#### Task brief
Below, find the line containing "Nova revisão da" and the line containing "NIKE AIR FORCE 1 LOW SPAMBUSH PHANTOM"; reproduce exactly those two and every line between them, omitting pictures.

======== Given records ========

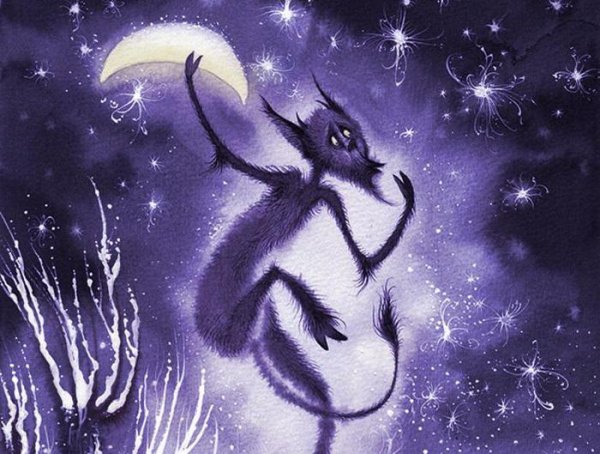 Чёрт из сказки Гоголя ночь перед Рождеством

========
======== Given records ========

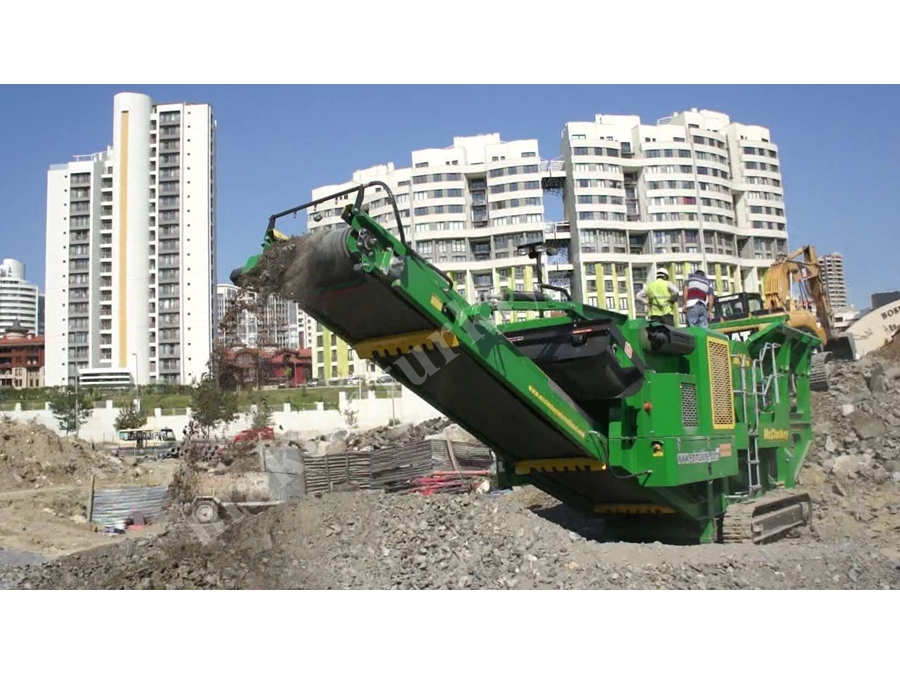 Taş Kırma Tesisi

========
======== Given records ========

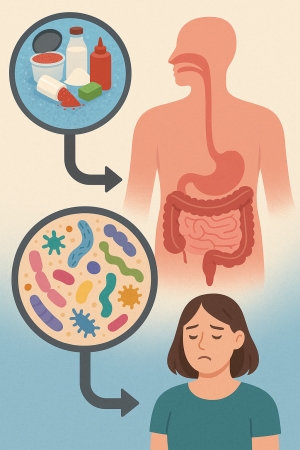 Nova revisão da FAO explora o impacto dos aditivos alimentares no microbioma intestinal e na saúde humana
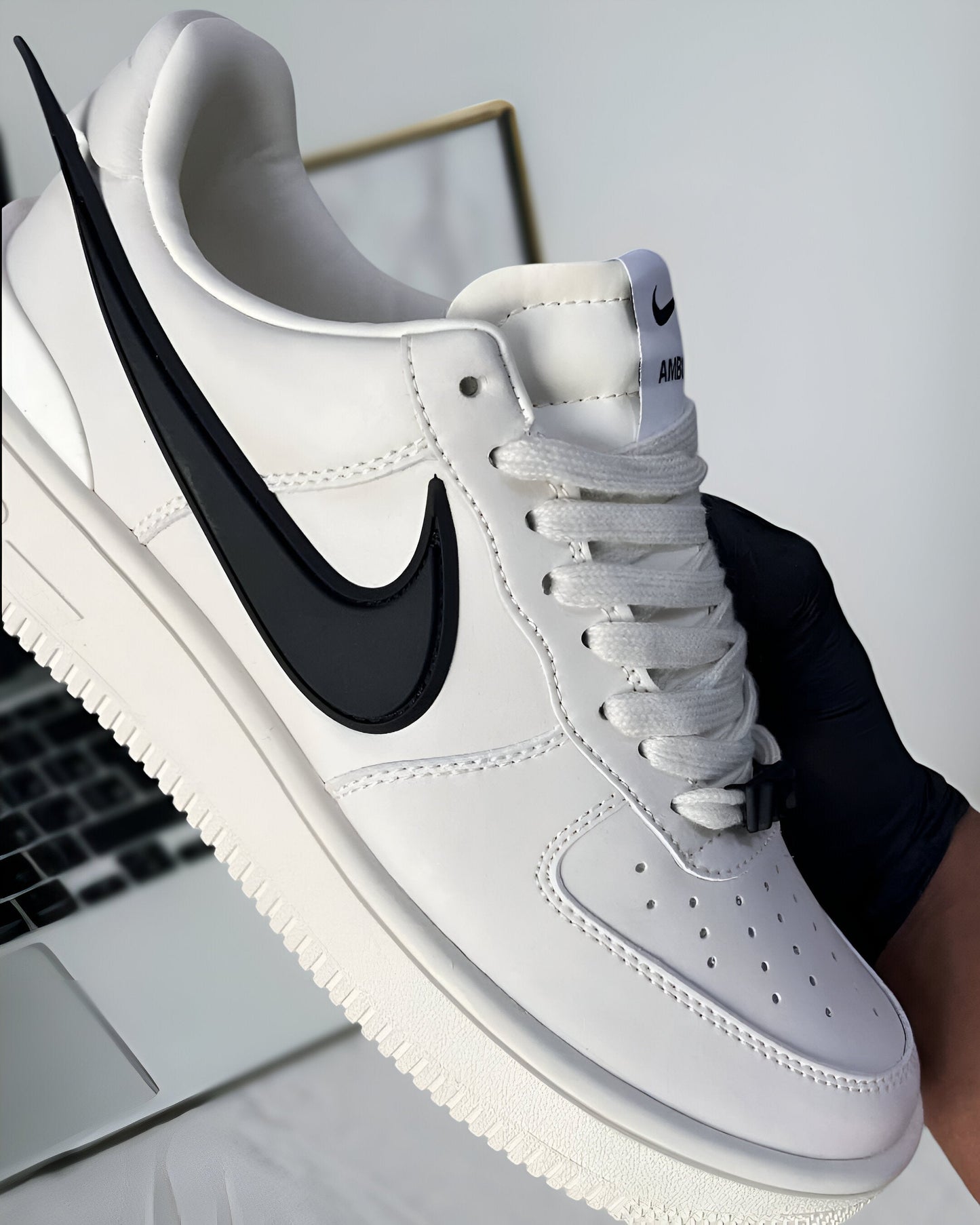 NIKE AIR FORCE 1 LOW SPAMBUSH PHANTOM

========

#### Your solution
 Nova revisão da FAO explora o impacto dos aditivos alimentares no microbioma intestinal e na saúde humana
 NIKE AIR FORCE 1 LOW SPAMBUSH PHANTOM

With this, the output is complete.